My name is Sarah and I am a worrier and over-thinker. I have been a worrier since the day I graced the world with my presence. I worry about things most people don't even think about. Currently I have been worrying about how I will ever be able to afford the wedding of my dreams. Please keep in mind I am single and have never been in a relationship. Clearly there are bigger things I should be focusing on. In high school I worried that they would decide to ring the bell early and not tell me, so I would get to school at least 30 minutes early. See, I told you I worry a lot!!
One of the things I have had to learn (and continue to learn) is to let go and let God. Some days this concept is as easy as breathing for me. Other days I really struggle to grasp it. I once heard this really great quote "I don't tell God how big my fears are. I tell my fears how great my God is." To me that is such a true and powerful statement.

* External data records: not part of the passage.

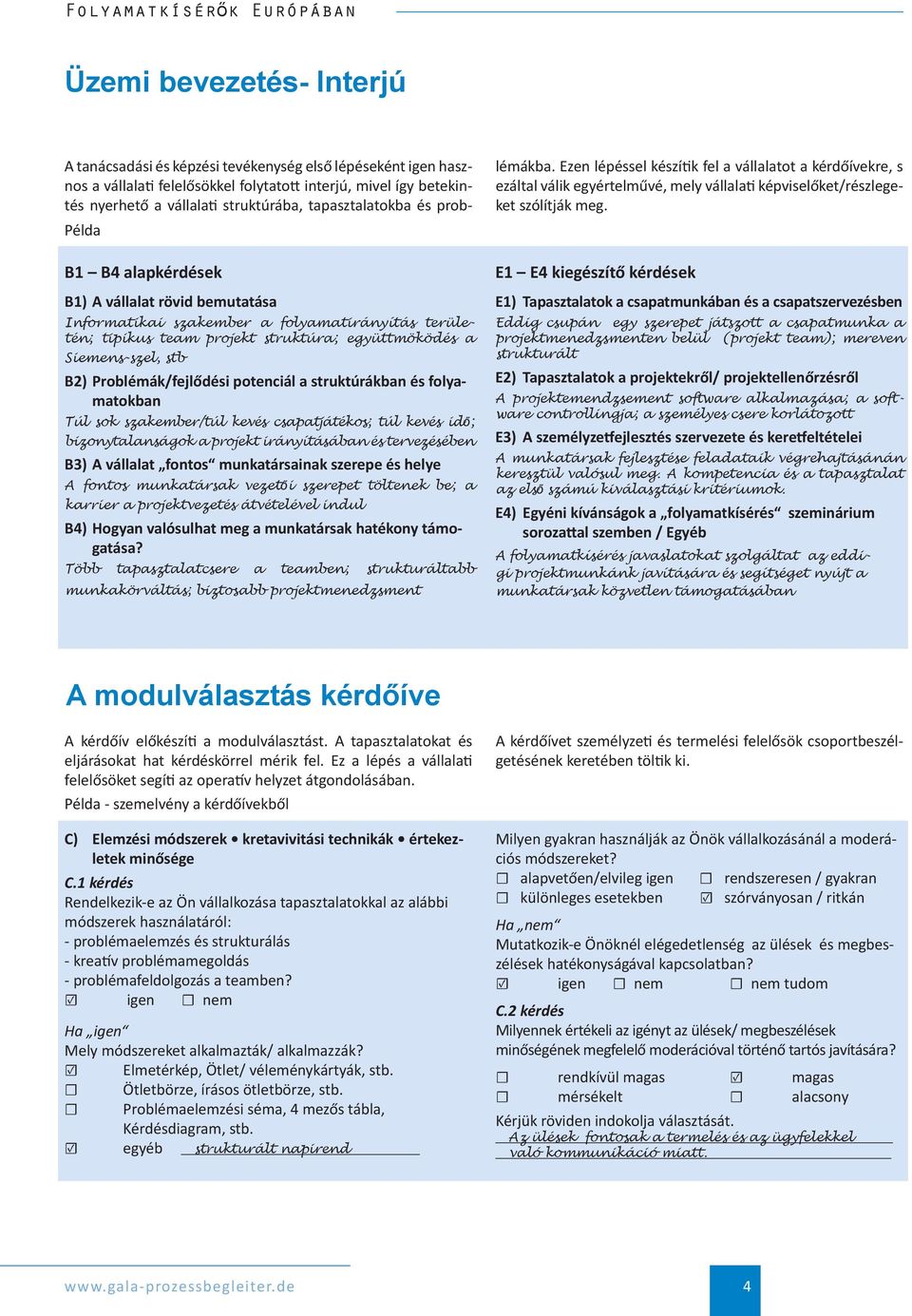 stb B2) Problémák/fejlődési potenciál a struktúrákban és folyamatokban Túl sok szakember/túl kevés csapatjátékos; túl kevés idő; bizonytalanságok a projekt irányításában és tervezésében B3) A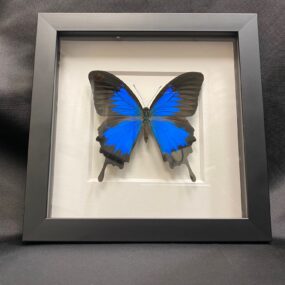 framed ulysses swallow tail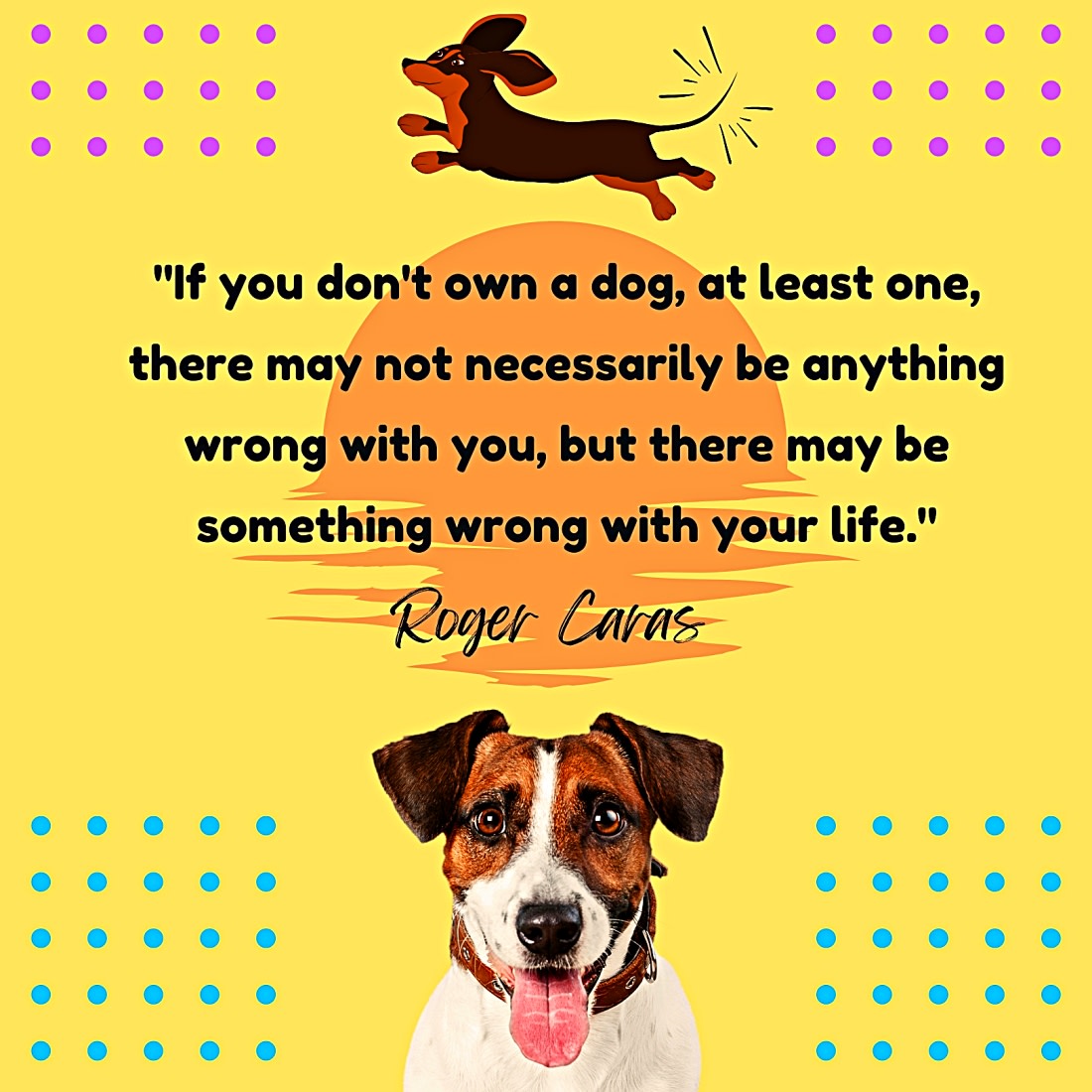 300 Best Pet Quotes of All Time - Parade Pets, image size:1100x1100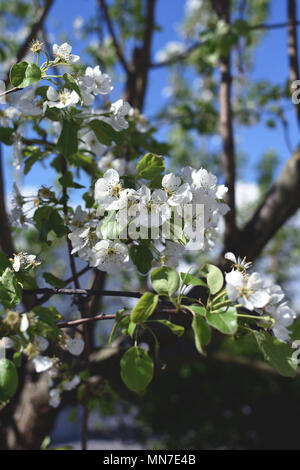 Molla di fiori profumati fioritura. Petali di colore bianco che rientrano nell'erba, la calda brezza muove i tuoi capelli. Rami di albero pieno di bianco fiori belli Foto Stock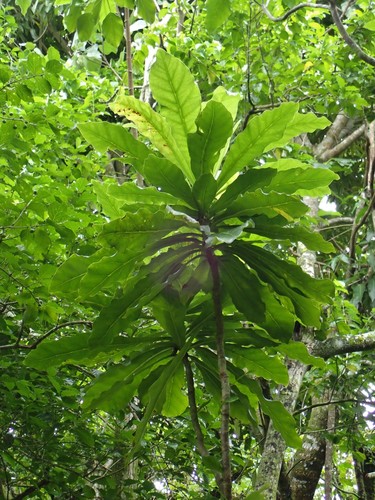 Meryta pauciflora observed 2019-04-29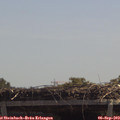 12_25-mast.jpg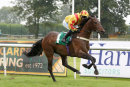 Race 1 - Five Amarones (4)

Here is where I struggle with giving my fears to God: I look at my fears and think that they are too minor of an issue to give to Him. Why burden Him with my fears, though they are very overwhelming for me, when there are obviously must bigger issues in the world?
This is where the battle of self worth rears its ugly head. You have to know that, just as you are right now, you are enough and you are worthy. There are days when this is a struggle, but the one's were you don't have to question your self worth, you just know that you are worthy, well those days are what it's all about.
And if you are trying to decide if something is worthy of your worry, ask yourself this: will my worry change the outcome? If the answer is yes, then by all means continue to worry. But I bet the answer will be no. Once you come to that conclusion, let go and let God.